It is a hope that the dreams we wished to see fulfilled when we were little would come to fruition; that world peace and good will would "triumph all." But as I turn on the TV or power on my laptop it seems that our generation is slowly drifting away from this idea of unity.

We've become so used to warring and conflicting nations, people and parties, that I've come to find my imagination -- my inner child -- a little let down. I've come to feel that this notion that "peace" is a long-told generational lie, a myth. It's for the dreamers and the innocent, for our inner child that still has so much hope in the world's unity and have yet to face reality.

The shooting in Newton, Connecticut is horrifying. It's sickening. It's perplexing, shocking and repulsive. I honestly don't know how to react and even those words don't seem to suffice.

It's sad really, because although this act was so unbelievably horrific, it only took one day for all of the teenagers on my timeline on Twitter to forget and move on. Not because they're cruel and heartless people, but because it almost seems as though they've become desensitized to violence. In a sense, they can't realize its reality because it's not occurring where they are, or perhaps this is just another sad story that has taken place in the sad world around them.

For every child killed at Sandy Hook Elementary School, you can't help but think aloud and stare at their innocence as their pictures are released. They are the ones who still have hope, who only see the good in the world. A world where the anticipation for Christmas and the holidays were in their minds, because what could be better than Christmas?

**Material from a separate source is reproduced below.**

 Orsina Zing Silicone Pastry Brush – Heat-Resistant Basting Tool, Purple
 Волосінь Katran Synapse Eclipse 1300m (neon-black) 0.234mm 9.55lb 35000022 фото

They are our generation of dreamers, and yet they were the ones who had to face the most harrowing reality possible. For every child that left us on Friday, I can't help but cry for humanity, because it wasn't simply their innocent lives that were lost, but also a little part of all of us -- our kindergarten selves.

The same images can be mirrored around the world.

In central China, 22 children and an elderly woman were stabbed at a primary school the same day as the Connecticut shootings.

And being a Sudanese-American, the crisis between North and South Sudan is an issue I take serious interest in, even as the conflict between the two countries fails to gain media attention.

Even the heavy partisan divide in Congress today reflects this struggle for conflicting parties to make peace.

But I guess all of this combat is needed, in a sense.In order to truly utilize the value of every agreement and every treaty, and to appreciate the value of "the happy ending," the princess must overcome contention and struggle. That is, after all, how the lesson is learned. For every child killed, and every innocent person that struggles, "hope" becomes motivation for change.

And in reality, every dreamer needs a reason to have a dream.

Perhaps we should take it from the most peaceful man himself. When asked about his quest for good, Mahatma Gandhi answered, "When I despair, I remember that all through history, the ways of truth and love have always won. There have been tyrants, and murderers, and for a time they can seem invincible, but in the end they always fall. Think of it -- always."

And in a sense, we owe it to all of the lives lost -- especially every child's life lost -- to make their dreams and innocent beliefs in peace, or at least happiness, true. Because for every dreamer we lose, we have one more reason to fight for good.